### Records for this task

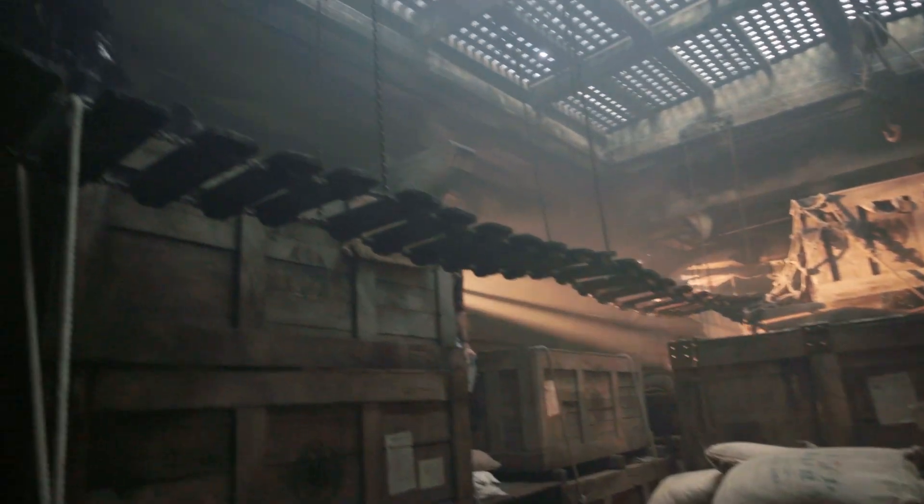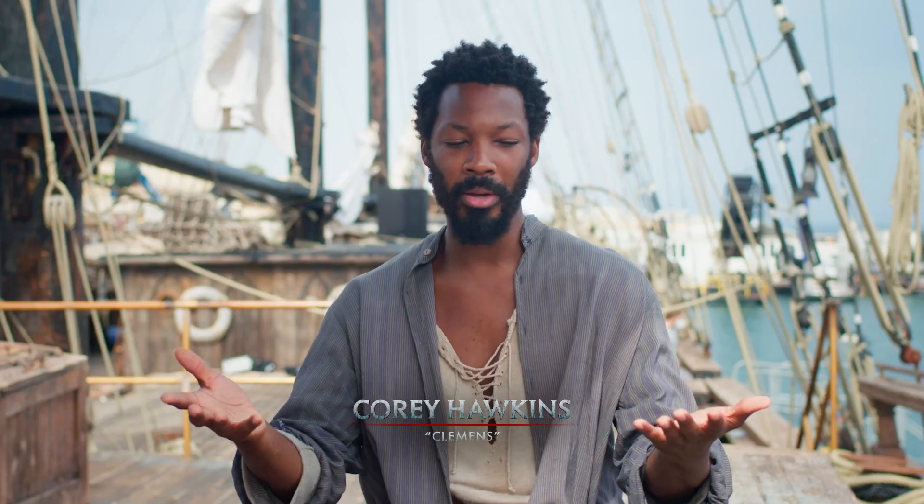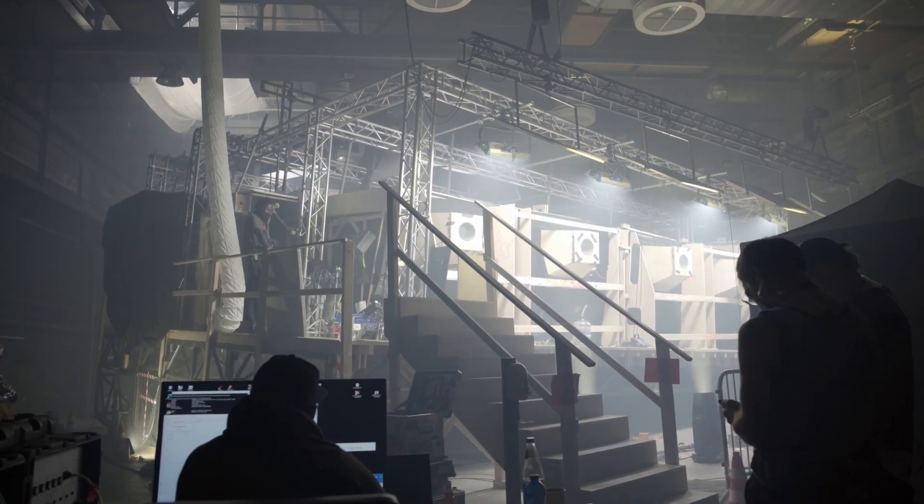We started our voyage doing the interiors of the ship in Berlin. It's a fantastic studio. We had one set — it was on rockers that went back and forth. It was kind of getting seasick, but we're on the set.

######
### Records for this task

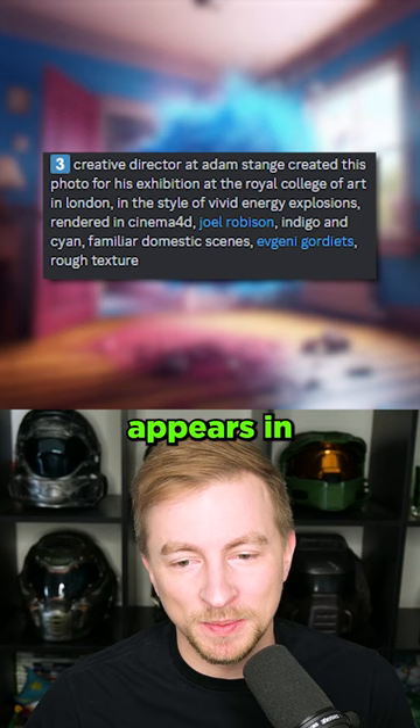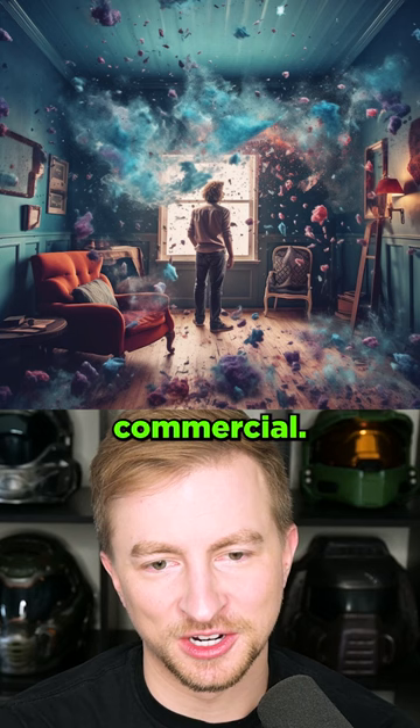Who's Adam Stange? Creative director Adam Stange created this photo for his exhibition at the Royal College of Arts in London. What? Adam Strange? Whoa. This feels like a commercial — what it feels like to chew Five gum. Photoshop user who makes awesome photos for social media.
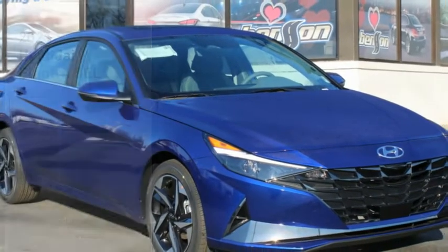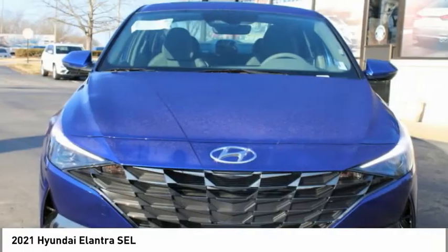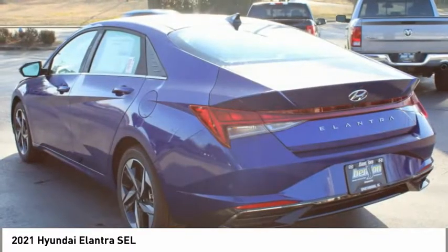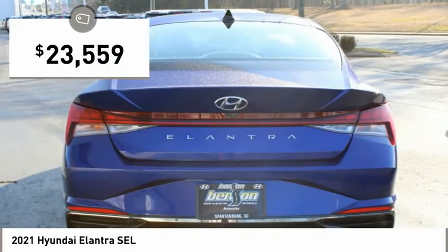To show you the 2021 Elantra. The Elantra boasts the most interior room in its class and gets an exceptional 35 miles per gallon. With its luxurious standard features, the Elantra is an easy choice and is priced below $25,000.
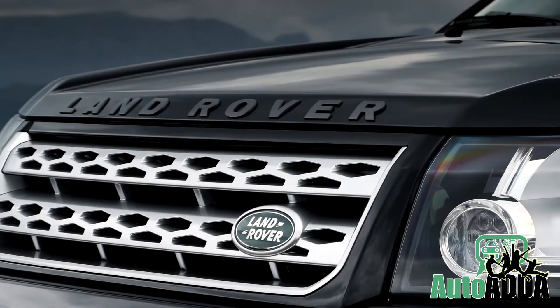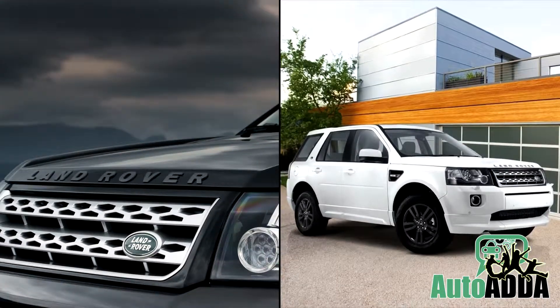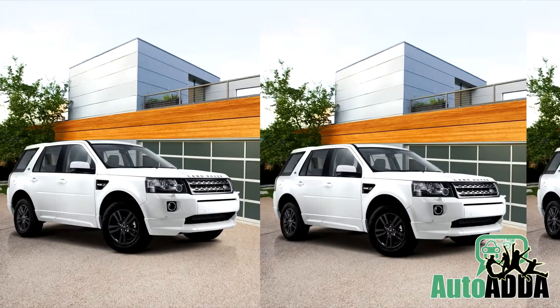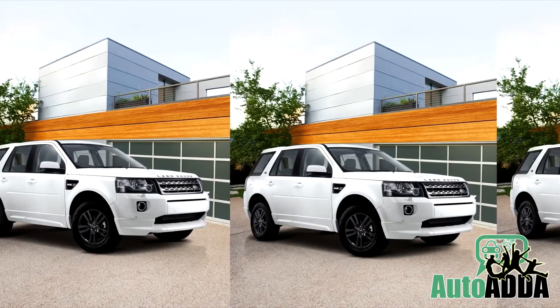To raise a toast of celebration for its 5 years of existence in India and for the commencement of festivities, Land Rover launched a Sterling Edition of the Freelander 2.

######

Starting at the line containing "Who's Adam Stange?" and finishing at the line containing "To raise a toast", return those lines exactly as they appear above, without the pictures.

Answer below:
Who's Adam Stange? Creative director Adam Stange created this photo for his exhibition at the Royal College of Arts in London. What? Adam Strange? Whoa. This feels like a commercial — what it feels like to chew Five gum. Photoshop user who makes awesome photos for social media.
To show you the 2021 Elantra. The Elantra boasts the most interior room in its class and gets an exceptional 35 miles per gallon. With its luxurious standard features, the Elantra is an easy choice and is priced below $25,000.
To raise a toast of celebration for its 5 years of existence in India and for the commencement of festivities, Land Rover launched a Sterling Edition of the Freelander 2.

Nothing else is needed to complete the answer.